JULIUSZ CEZAR I PRZYJACIELE – RECENZJA FILMU „ASTERIX I OBELIX: IMPERIUM SMOKA”
AutorstwaRedakcja UJOT FMna 5 marca 2023
„Jest rok 50. przed narodzeniem Chrystusa. Cała Galia jest podbita przez Rzymian… Cała? Nie! Jedna jedyna osada, zamieszkana przez nieugiętych Galów, wciąż stawia opór najeźdźcom i uprzykrza życie legionom rzymskim stacjonującym w obozach Rabarbarum, Akwarium, Relanium i Delirium…” – tymi oto słowami zaczynał się każdy tom komiksu Asterix. Tak też zaczynały się niektóre, będące mniej lub bardziej wiernymi adaptacjami, filmowe przygody o dzielnych Galach, którzy przy pomocy magicznego napoju, przyrządzanego przez wiekowego, ale niezwykle mądrego druida, bronią swoją wioskę przed legionami rzymskimi wysłanymi w celach podboju przez Juliusza Cezara.
Historie, których autorem był duet Rene Goscinny i Albert Uderzo zyskały ogromny sukces oraz popularność na niemal całym świecie. Również w Polsce komiksy o Asterixie i jego najlepszym przyjacielu, Obelixie znalazły swoje uznanie. Czytelnicy z kraju nad Wisłą, rozciągającego się od Bałtyku, aż po Karpaty, pokochali przygody tego zabawnego duetu, których charakteryzował niezwykle błyskotliwy dowcip słowny, ale przede wszystkich powtarzalność pewnych motywów (jak pojedynek na ryby, starcie z piratami czy wizyta naszych bohaterów w jakimś innym kraju). Sam od bardzo wczesnego dzieciństwa śledziłem z zaciekawieniem kolejne losy wąsatych Galów, mimo że nigdy nie określiłbym się fanem tej franczyzy. Komiksów czytałem za mało by należeć w pełni do tego fandomu, jednak zawsze bliskie były mi filmy (na początku animowane, później również te aktorskie), które towarzyszyły mi przez całe życie.

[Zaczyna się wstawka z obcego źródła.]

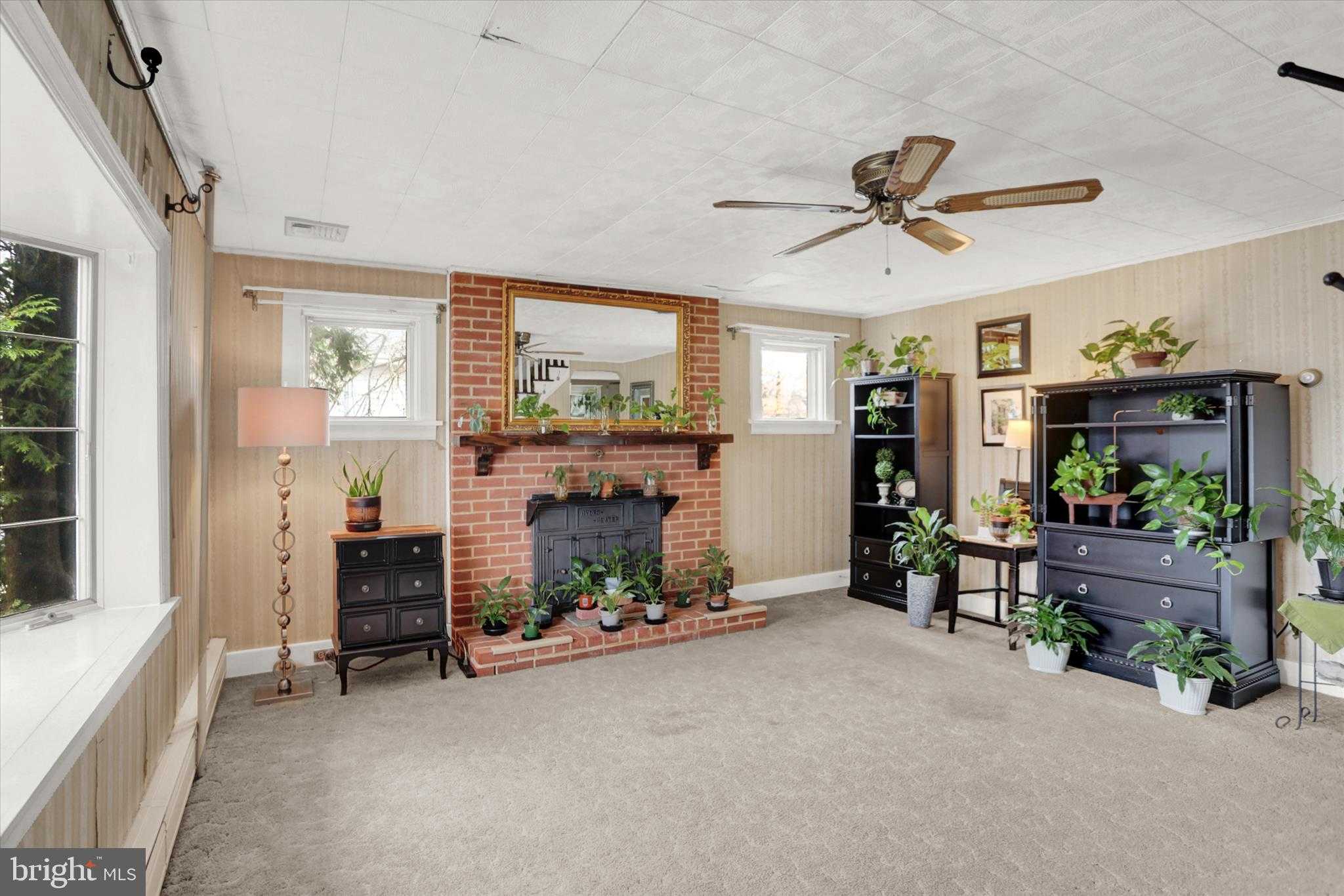 6221 Blue Bird Ave photo 3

Prawdopodobnie najbardziej znanym w Polsce filmem o Asterixie i Obelixie jest ten o podtytule Misja Kleopatra. Duża w tym zasługa dubbingu, który bywa często porównywany z tym w filmie animowanym Shrek, oraz tego, jak wiele cytatów oraz scen zyskało tzw. ,,drugą młodość” za sprawą Internetu, przechodząc bardzo szybko do kultury memowej (słynny już ,,monolog skryby”).
W tym roku miała premierę kolejna część o wspomnianych Galach w wersji aktorskiej. Tym razem po zwiedzeniu Egiptu, Grecji oraz Brytanii, ścieżki naszych bohaterów powędrują do odległych Chin. Nie ukrywam, że czekałem na ten film już od momentu, kiedy został on zapowiedziany, dlatego też nie mogłem sobie odpuścić seansu kinowego. Czy jest to dobra produkcja? Czy nie zawiódł moich oczekiwań? Jak wypada na tle reszty? Zapraszam do recenzji filmu Asterix i Obelix: Imperium Smoka!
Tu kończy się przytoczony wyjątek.